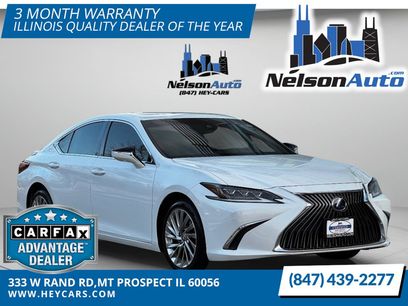 Used 2021 Lexus ES 300h w/ Accessory Package 2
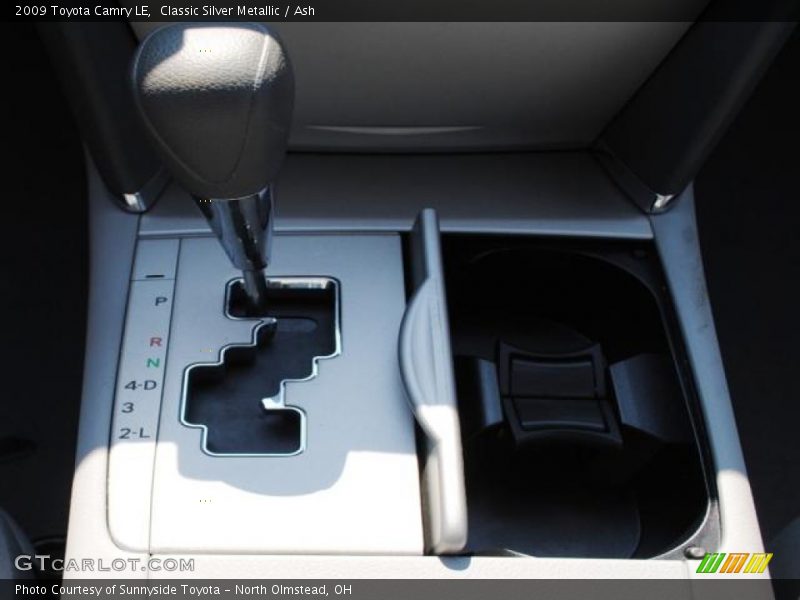 Classic Silver Metallic / Ash 2009 Toyota Camry LE
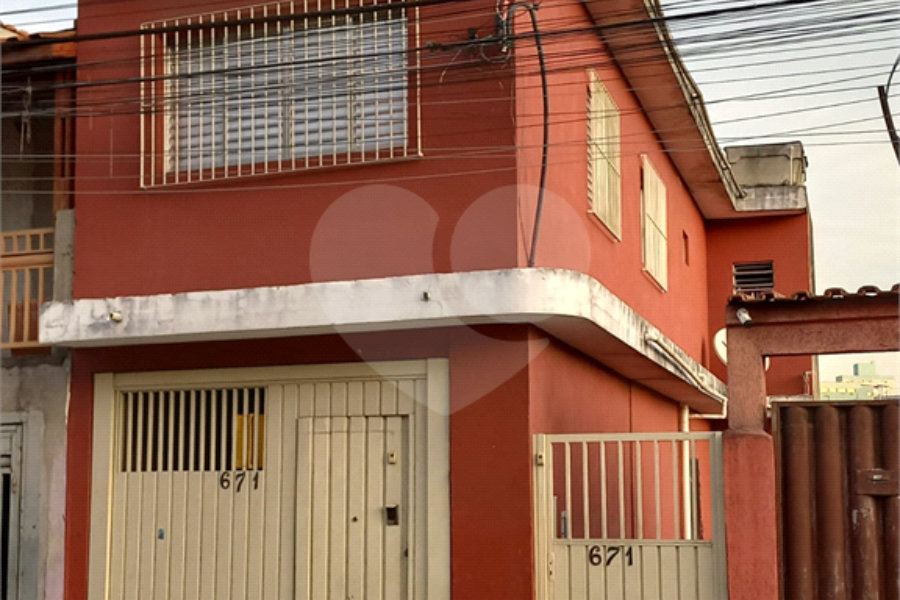 Sobrado à venda com 3 quartos, sendo 2 suítes, no Brasilândia, São Paulo, SP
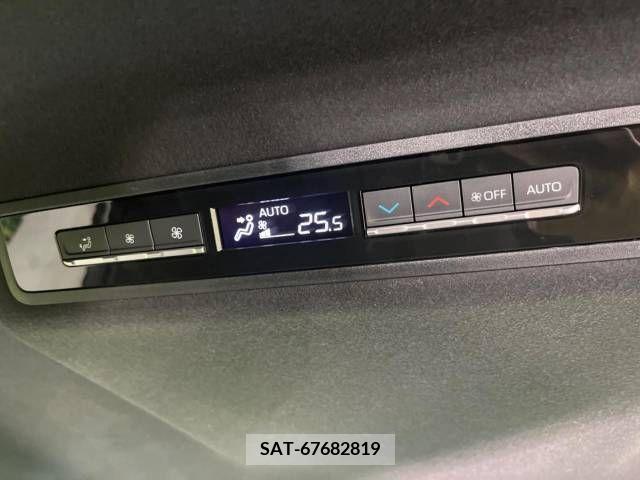 Toyota VOXY 2023-10 289072-5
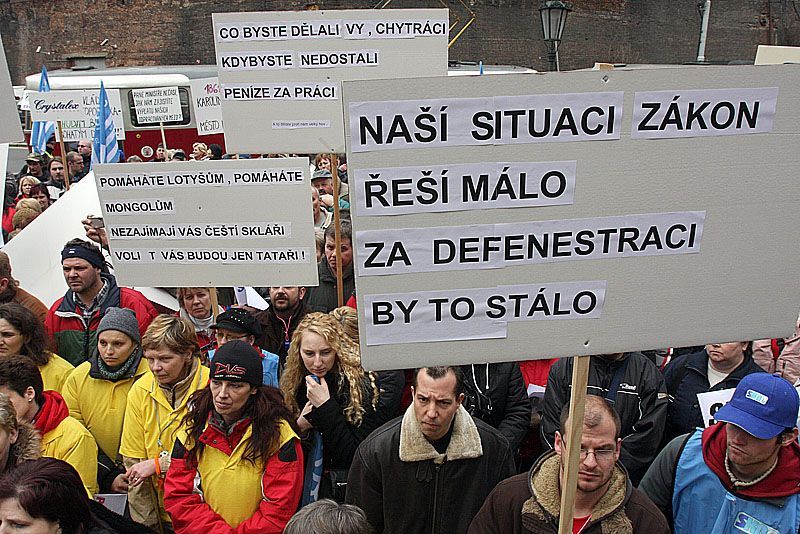 Skláři demonstrují před vládou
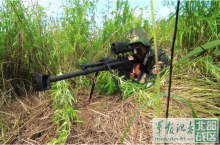 这场训练有意思：单兵火箭、迫击炮和无人机齐上阵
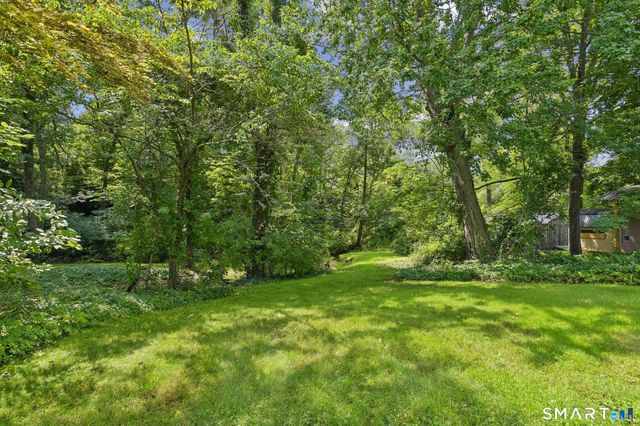 19 Palmer Road, North Haven, CT 06473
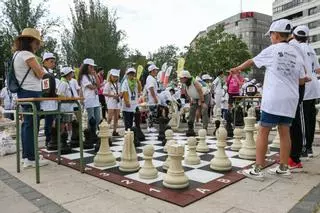 GALERÍA | Decenas de escolares apoyan el Torneo de Ajedrez "Pequeños Gigantes"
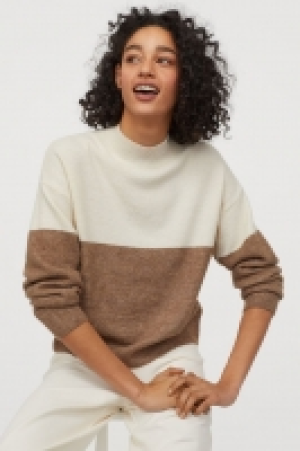  Turtleneck jumper £10.00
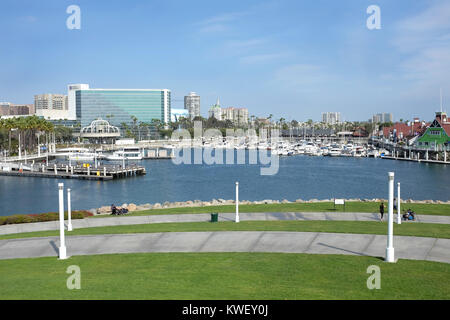 LONG BEACH, CA - Febbraio 21, 2015: Arcobaleno del porto e dello skyline della citta'. Villaggio litoraneo si affaccia sul porto con ristoranti, ed è vicino ai conventi Foto Stock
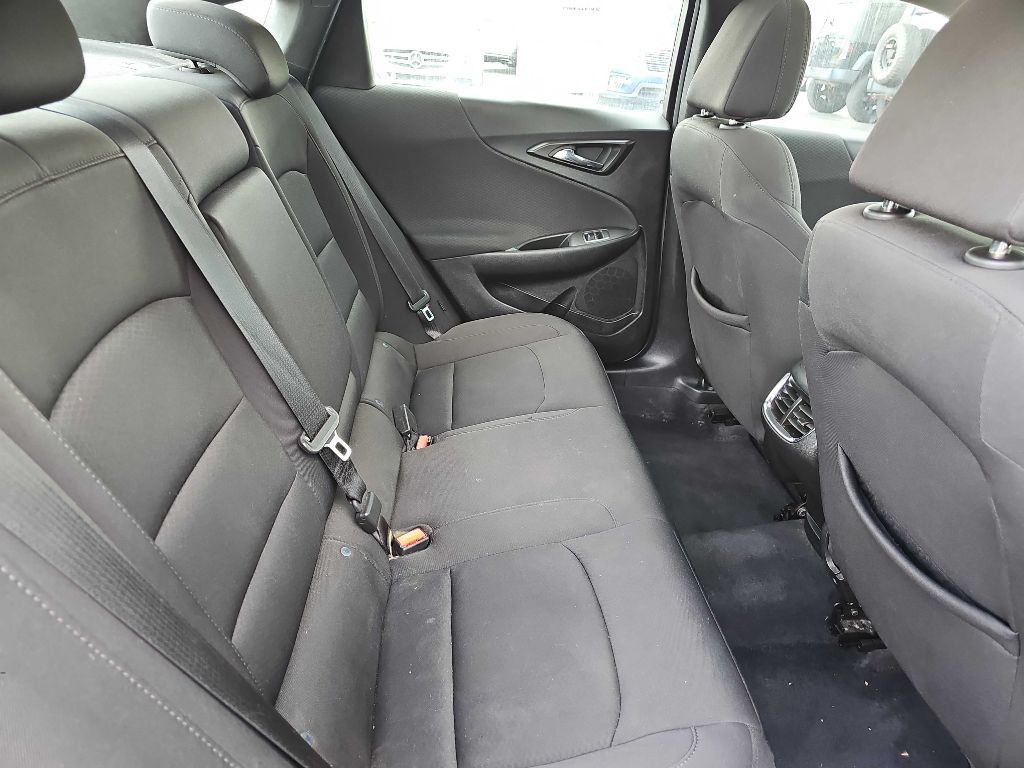 2019 Chevrolet Malibu Image 37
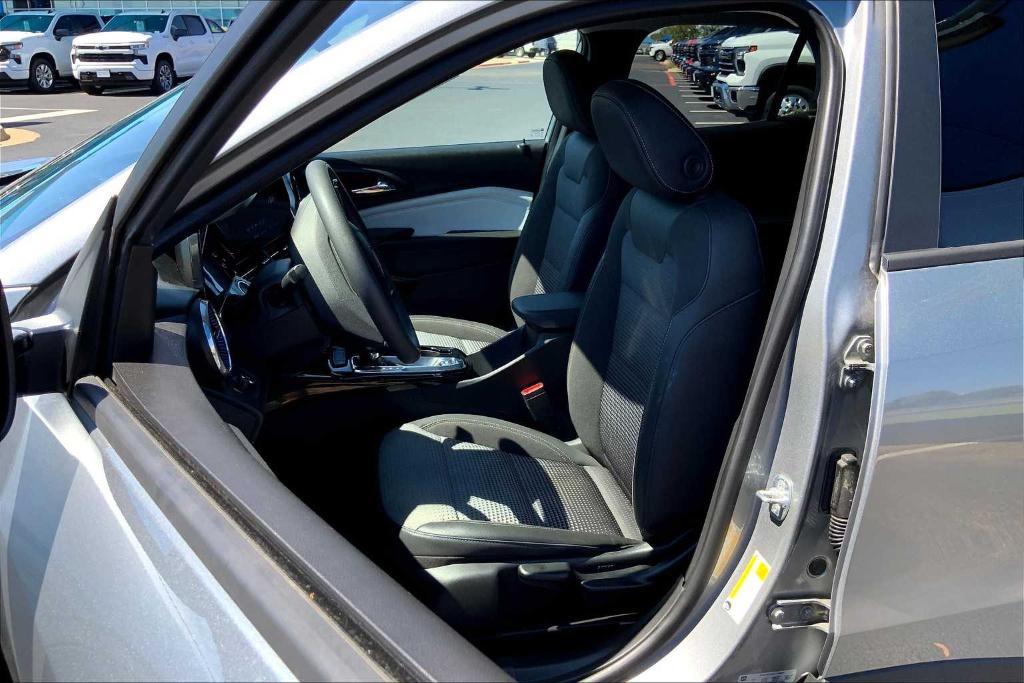used 2025 Chevrolet Trax car, priced at $23,875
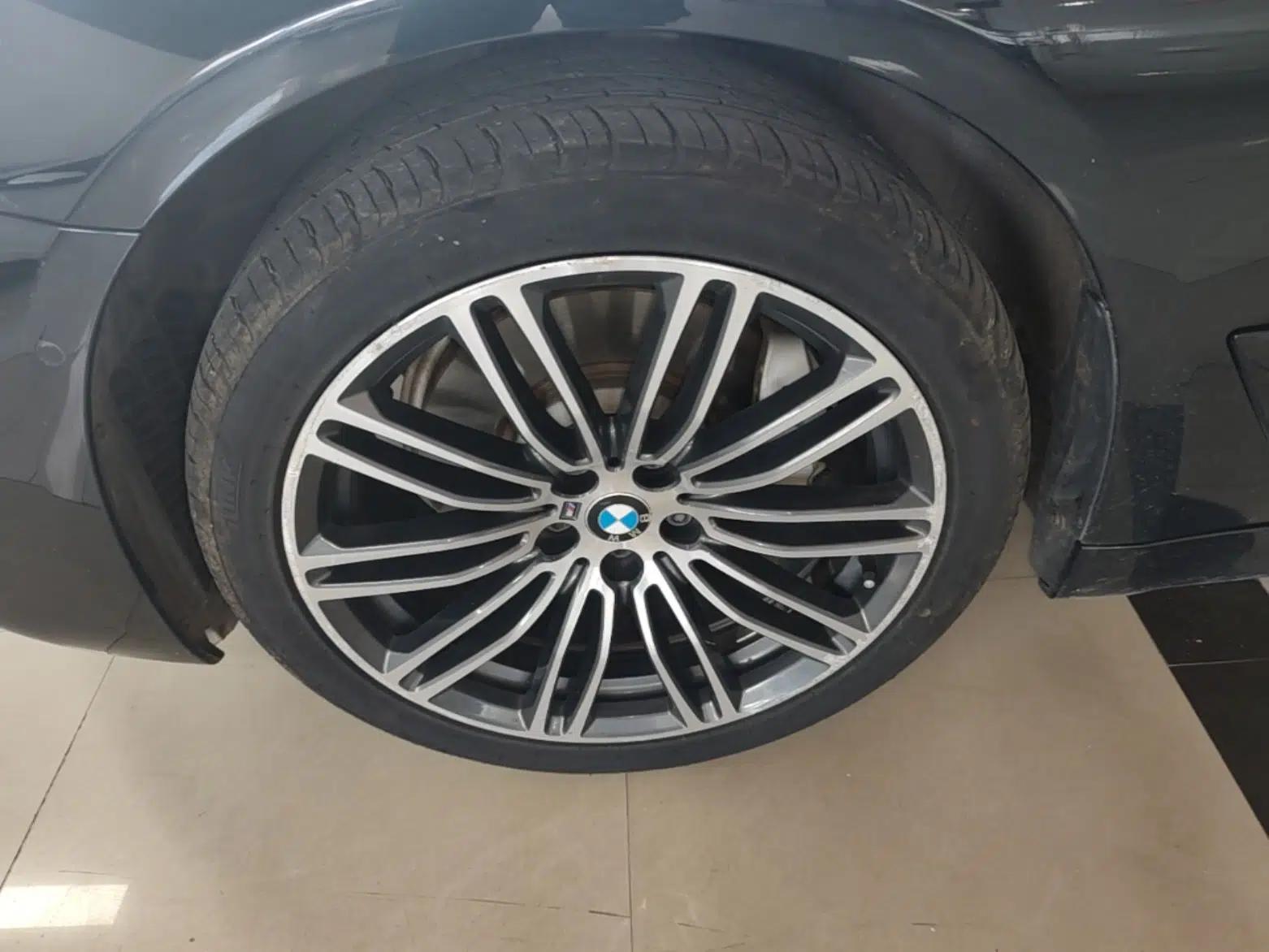 BMW 5 Series 2018 Restyled 530Li Leading Edition M Sport Package — миниатюра 10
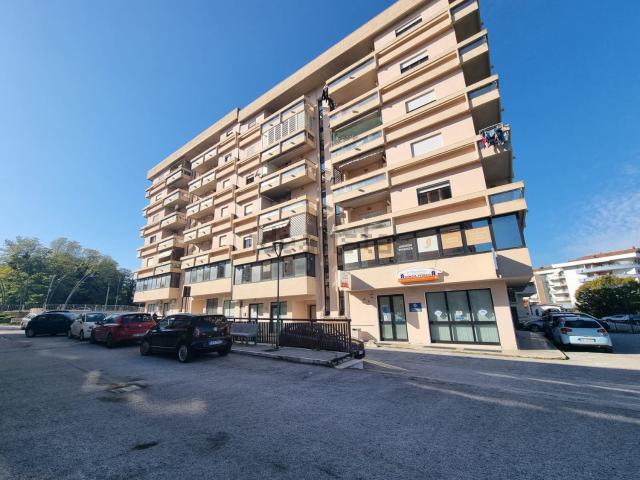 Ufficio in affitto di 160 m² in Viale dei Pentri, 55
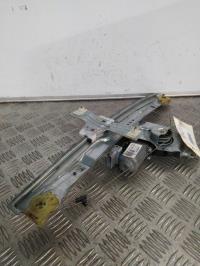 Moteur leve vitre avant droit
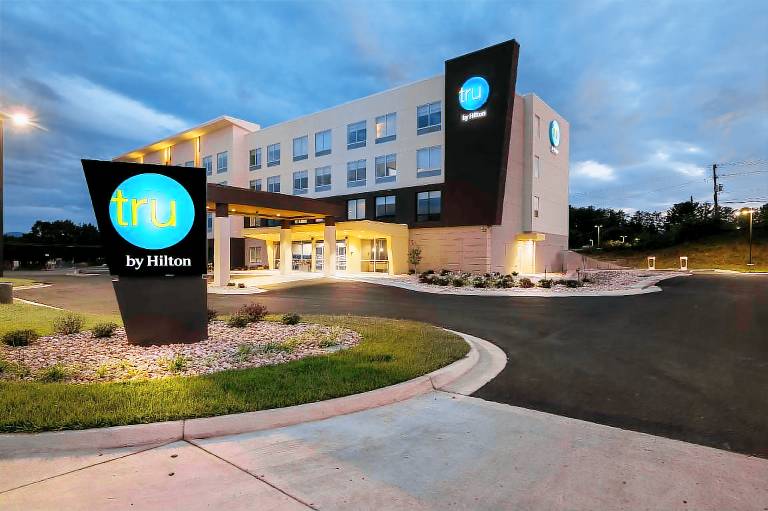 Tru by Hilton Lexington — photo 3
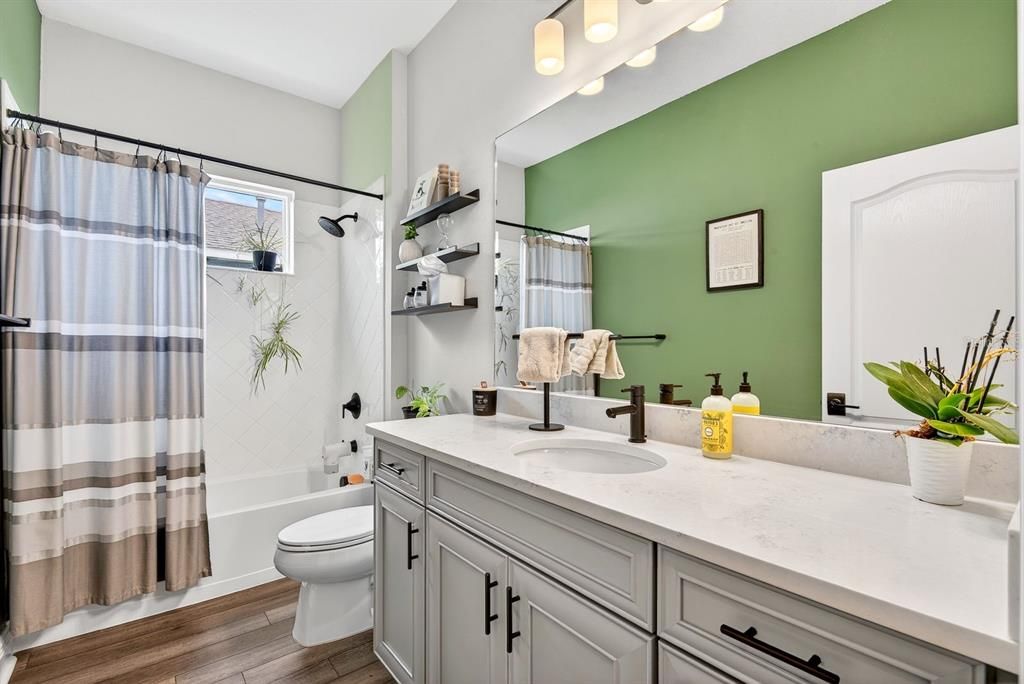 For Sale: $495,000 (2 beds, 2 baths, 1490 Square Feet)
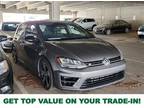 2016 Volkswagen Golf R 4-Door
----
- [PROBLEM TO WORK ON]:
With the pictures omitted, print the lines above exactly, beginning at the line with "Turtleneck jumper £10.00" and going on through the line with "BMW 5 Series".

- [EXERCISE OUTPUT]:
  Turtleneck jumper £10.00
 LONG BEACH, CA - Febbraio 21, 2015: Arcobaleno del porto e dello skyline della citta'. Villaggio litoraneo si affaccia sul porto con ristoranti, ed è vicino ai conventi Foto Stock
 2019 Chevrolet Malibu Image 37
used 2025 Chevrolet Trax car, priced at $23,875
 BMW 5 Series 2018 Restyled 530Li Leading Edition M Sport Package — миниатюра 10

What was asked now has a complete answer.